Good Morning Traders,
of this writing 5:00 AM EST, here’s what we see:
US Dollar –Up at 82.720, the Sept US Dollar is up 93 ticks and is trading at 82.720.
Energies – August Oil is down at 104.86.
Financials – The September 30 year bond is down 3 ticks and is trading at 134.28.
Indices – The September S&P
500 emini ES contract is down at 1668.75 and is down 9 ticks.
Gold – The August
gold contract is trading down at 1285.00 and is down 54 ticks from its close.
Initial Conclusion: This is not a correlated market. The dollar is up+ and
oil is down- which is normal but the 30 year bond is trading lower. The Financials should always correlate
the US dollar such that if the dollar is lower then bonds should follow
and vice versa. The indices are down and the US dollar
is trading higher which is correlated. Gold is trading lower which is correlated with the
dollar trading up. I tend to believe
that Gold has an inverse
relationship with the US Dollar as when the US Dollar is down, Gold
tends to rise in value and vice-versa. Think of it as a seesaw, when one
is up the other should be down. I point this out to you to make you
aware that when we don't have a correlated market, it means something is
wrong. As traders you need to be aware of this and proceed with your
eyes wide open.
Asia closed mixed with the half the exchanges closing lower and the other half higher. As
writing all of Europe is trading lower.
Possible challenges to
traders today is the following
1. Building Permits are out at 8:30 AM EST. This is major.

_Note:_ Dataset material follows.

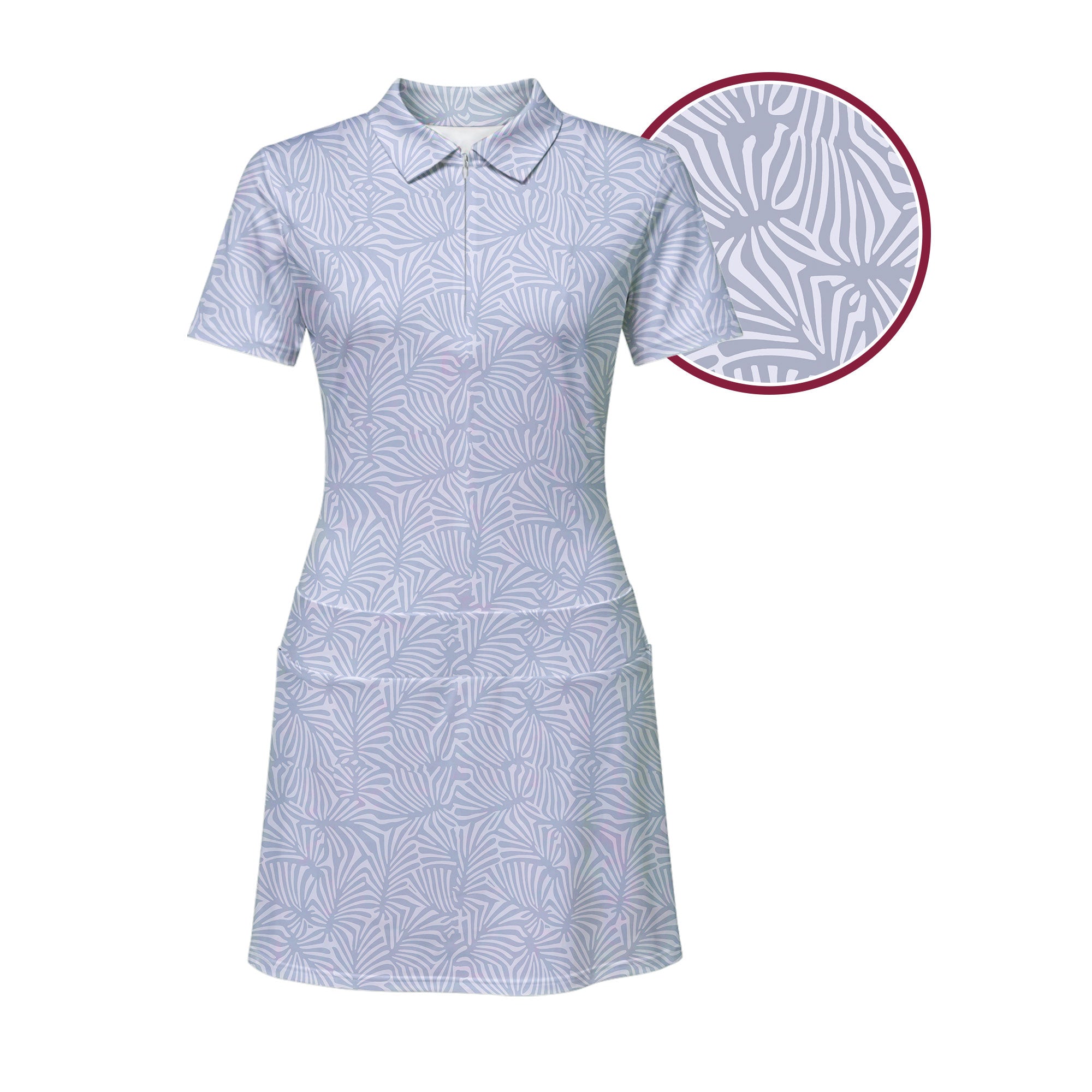 Palmetto Leaf Short Sleeve Dress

2. Housing Starts are out at 8:30 AM EST. This is major.
3. Ben Bernanke speaks at 10 AM EST. This is major.
4. Crude Oil Inventories are out at 10:30 AM EST This will move the oil markets.

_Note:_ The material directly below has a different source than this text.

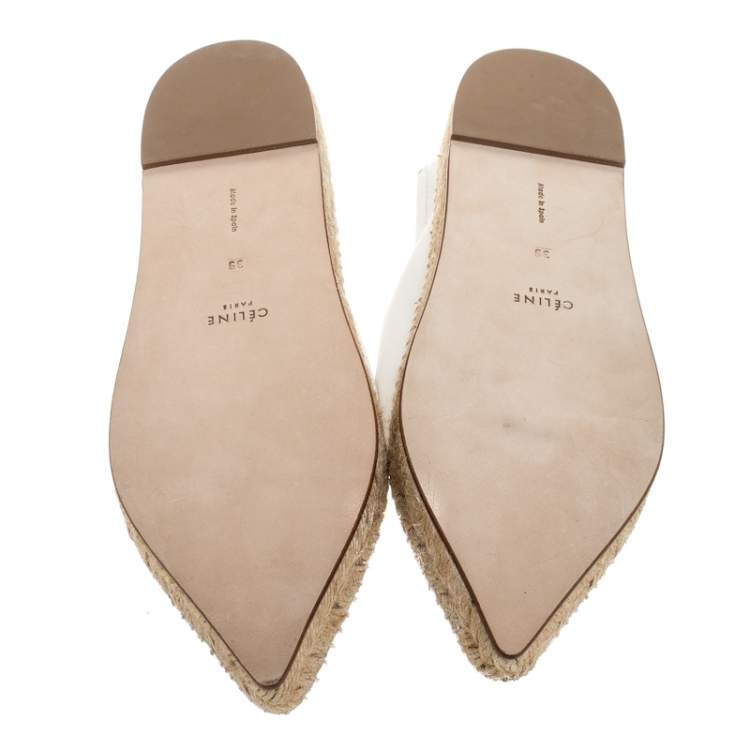 Pre Owned Celine White Leather Pointed Toe Slip On Espadrilles Loafer Flats Size 39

5. FOMC Member Raskin speaks at 12:30 PM EST. This is major.
6. Fed Beige Book is out at 2 PM EST. This could impact afternoon trading.
Yesterday we said our bias was to
the downside as Gold was lower and Europe was trading lower. The
net result? The Dow Closed 32 points lower. Today we are not dealing with a correlated market and our bias is to the downside. Why? The USD is higher and the Bonds are down, Gold is trading lower and Europe is all trading down. Could
this change? Of Course. Remember anything can happen in a volatile market.

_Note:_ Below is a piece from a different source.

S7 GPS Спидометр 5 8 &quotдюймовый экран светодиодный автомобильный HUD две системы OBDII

Yesterday we said our bias was to
the downside as the markets as such. CPI came in higher which is not good for consumers and spending as it means that we consumers are paying more for goods and services. The NAHB came in better than expected but I suspect the CPI number put a damper on the markets. Then came 2:15 PM and after a nice day whereby FOMC Member Tarullo said nothing, FOMC Member Esther George decided to state that she thinks the Fed should taper sooner as opposed to later. That sealed it for the markets as the Dow and other indices closed lower. Today we have Ben Bernanke speaking to Congress for the next two days (Wednesday & Thursday). Of course, we have no idea what he's going to say but obviously each time one of these members speak it becomes confusing as they each have their own opinion and aren't afraid to voice it. My train of thought says they need to borrow a page from Corporate America and start singing out of the same hymn book, so to speak....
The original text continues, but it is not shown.